Pavlik schloss im Herbst 1990 in öffentlichen Veranstaltungen der Lehrerschaft betriebsbedingte Kündigungen im Ostberliner Bildungswesen kategorisch aus, obwohl das Ostberliner Schulsystem gemessen an den sinkenden Schülerzahlen Überhänge hatte. Seine Absicht ging auf. Als SPD-Verhandlungsführer für die Bildungspolitik in den Koalitionsverhandlungen konnte er gemeinsam mit seiner Verhandlungspartnerin der CDU, Dr. Hanna-Renate Laurien den Ausschluss betriebsbedingter Kündigungen vereinbaren. Dieser wurde im gesamten Berlin zum Regierungsziel der Großen Koalition mit Eberhard Diepgen als Regierender Bürgermeister.

Bei den Wahlen zum ersten Gesamtberliner Parlament am 2. Dezember 1990 errang Dieter Pavlik in Berlin-Pankow das Direktmandat mit den meisten Erststimmen aller 36 SPD-Direktmandate in Berlin und blieb bis Anfang 1996 Abgeordneter. Da das Schulressort an die CDU ging, die auch mit Jürgen Klemann den Senator stellte, wurde er Vorsitzender des Schulausschusses im Parlament.

Pavlik bekleidete auch einige Führungsfunktionen innerhalb der Partei. Er war jedoch kein Parteipolitiker. Seine Hauptaufgabe sah er in der Demokratisierung des vom SED-Filz durchwachsenen Ostberliner Schulsystems sowie der Förderung und Unterstützung demokratischer Lehrer und Erzieher im Übergangsprozess und in der Rehabilitierung der vom DDR-Volksbildungssystem zu Unrecht gemaßregelten Lehrer und Erzieher.

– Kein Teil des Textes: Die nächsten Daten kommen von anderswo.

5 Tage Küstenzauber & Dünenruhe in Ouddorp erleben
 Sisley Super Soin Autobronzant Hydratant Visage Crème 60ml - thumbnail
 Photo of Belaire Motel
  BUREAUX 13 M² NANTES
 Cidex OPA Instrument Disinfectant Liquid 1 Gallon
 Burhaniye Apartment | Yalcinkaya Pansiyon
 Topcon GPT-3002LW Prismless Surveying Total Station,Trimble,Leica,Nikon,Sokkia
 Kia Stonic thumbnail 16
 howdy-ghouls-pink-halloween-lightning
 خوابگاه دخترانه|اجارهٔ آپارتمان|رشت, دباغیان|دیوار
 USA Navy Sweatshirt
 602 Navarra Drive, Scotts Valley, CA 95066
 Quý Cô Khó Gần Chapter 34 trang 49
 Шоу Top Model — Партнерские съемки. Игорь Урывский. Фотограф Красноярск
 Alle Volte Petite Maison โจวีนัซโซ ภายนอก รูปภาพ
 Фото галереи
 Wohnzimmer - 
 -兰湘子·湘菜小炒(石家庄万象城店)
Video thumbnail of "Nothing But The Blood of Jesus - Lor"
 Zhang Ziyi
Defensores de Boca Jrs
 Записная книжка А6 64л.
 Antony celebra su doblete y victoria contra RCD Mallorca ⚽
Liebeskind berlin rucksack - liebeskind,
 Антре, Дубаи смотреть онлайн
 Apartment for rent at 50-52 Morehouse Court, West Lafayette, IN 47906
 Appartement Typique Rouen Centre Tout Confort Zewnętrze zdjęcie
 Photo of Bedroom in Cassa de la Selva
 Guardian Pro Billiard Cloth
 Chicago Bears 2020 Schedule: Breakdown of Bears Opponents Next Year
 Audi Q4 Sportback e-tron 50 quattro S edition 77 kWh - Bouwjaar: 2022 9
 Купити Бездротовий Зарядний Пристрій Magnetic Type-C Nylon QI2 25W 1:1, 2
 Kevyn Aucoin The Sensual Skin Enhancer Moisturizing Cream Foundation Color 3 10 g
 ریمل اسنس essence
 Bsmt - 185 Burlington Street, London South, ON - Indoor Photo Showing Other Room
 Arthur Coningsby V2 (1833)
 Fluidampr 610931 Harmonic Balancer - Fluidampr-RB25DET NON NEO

Nach seinem Ausscheiden aus dem Parlament war Pavlik seit 1996 als Lehrer für Politische Weltkunde am Abendgymnasium Prenzlauer Berg tätig. Dorthin war er bereits 1992 nach dem Ende seiner Amtszeit als Stadtrat mit einer Teilstelle zurückgekehrt. Aus gesundheitlichen Gründen ging Pavlik Ende 1998 in den Ruhestand. Wegen politischer Meinungsverschiedenheiten mit seinem Kreisverband trat Dieter Pavlik im Herbst 1999 aus der SPD aus.